Juliet doesn't always keep her phone or smartwatch nearby when she is home. Normally it is not a problem since she does not get any urgent calls from the kids' schools or doctors, as those go to me. But I get pretty annoyed if I try to call her when I'm away from home and get her voicemail instead.

Not anymore! Thanks to the wonders of technology, I have figured out the perfect way to annoy her back and have her call me immediately. I hooked up a Sonos to the dozen in-wall speakers we have throughout our house and can use Spotify to blast a song at full volume no matter where I am in the world.

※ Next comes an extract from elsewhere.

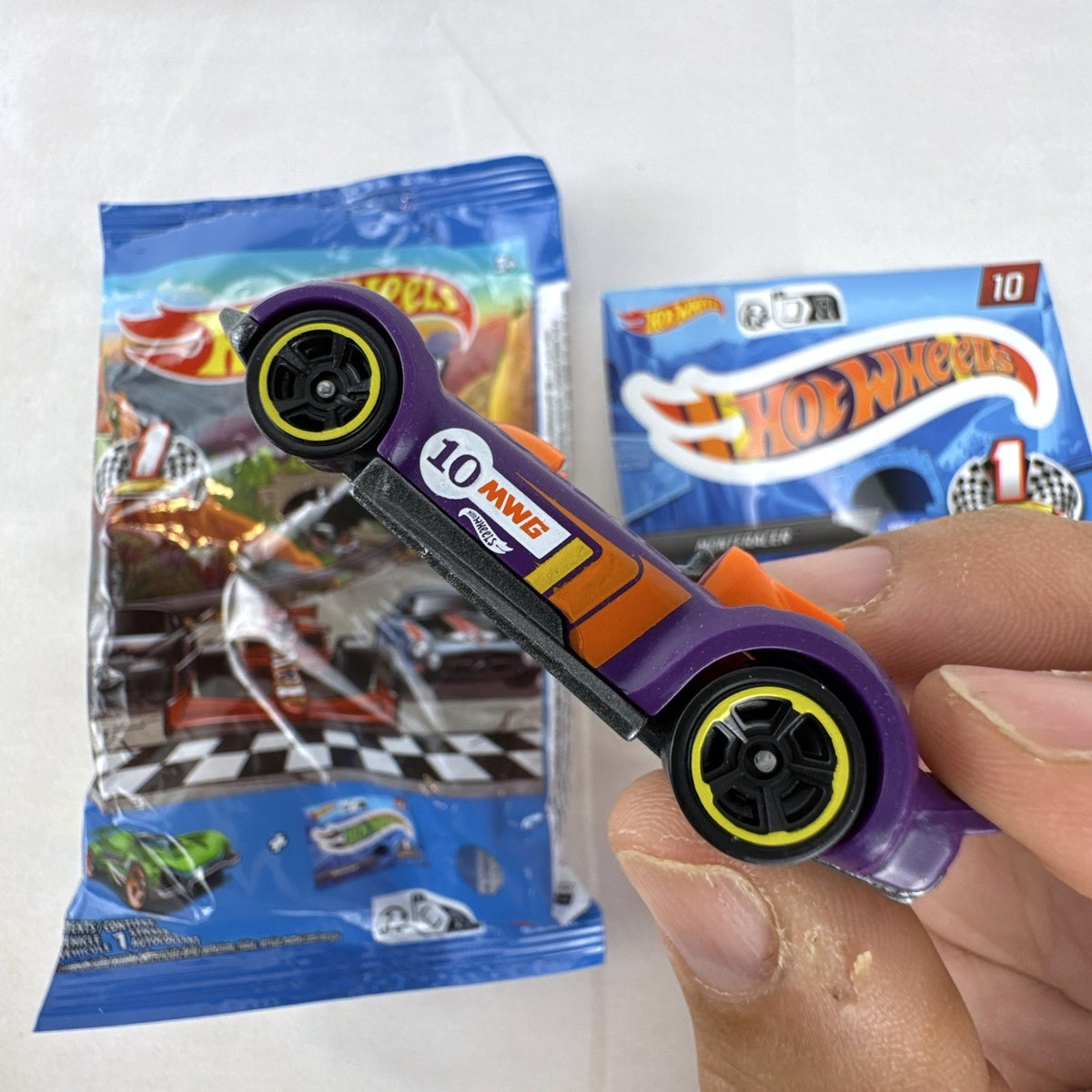 Hot Wheels 1:64 scale Monteracer diecast car in purple and orange from Mystery Models Series 1 with original bag and sticker.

Naturally, my song of choice is Call Me Maybe by Carly Rae Jepsen.

Who needs a landline when you have Sonos?! Surprisingly, just as I was typing this, I realized that we do have a landline! It's the emergency line for the elevator via Ooma. I know landlines are a thing of the past and pretty boring in general but Ooma's tech and pricing is pretty cool. You buy the equipment online and they give you a phone number and service for free, with the only monthly payment being taxes and FCC charges (around $7 for my location). Their equipment is well-designed and cleverly solves the reliability vs. reach problem.

So here's the problem I needed to solve: The elevator's emergency phone line required an old-school landline connection over an RJ-11 phone cord. I cannot easily get a standard landline where I live so my only choice was cellphone or internet-based phone. Cellular phones do not have RJ-11 ports and even if I found one that did, cell service is not dependable indoors, at least not for life-and-death matters. This left internet-based phone service as my only option, but most VOIP (voice-over-internet) services offer phones that connect to standard Ethernet (RJ-45) and there's no cheap "adapter" to go from one to the other, at least not stably for an emergency phone. Additionally, the elevator's control box where the phone line would plug in, is far from my router. Now while I do have good wi-fi all over the house and even the yard, VOIP over wi-fi may work for casual usage but I would not recommend it for emergency phones.

That's why after looking online for months, I was elated to come across Ooma. They offer a base-station ($50 refurbished on Amazon) that plugs into your router with an Ethernet cord and a compatible wireless phone jack with a RJ-11 port (another $50 on Amazon) that can talk to the base-station over RF, without using your home wi-fi. This means I could keep the base-station in my network cabinet, mount the wireless phone jack right next to the elevator's control box, and get reliable phone service without pulling a new RJ-11 cable all across the house. And that's exactly what I did and it works great. It even has a dial-tone with pulse-dialing!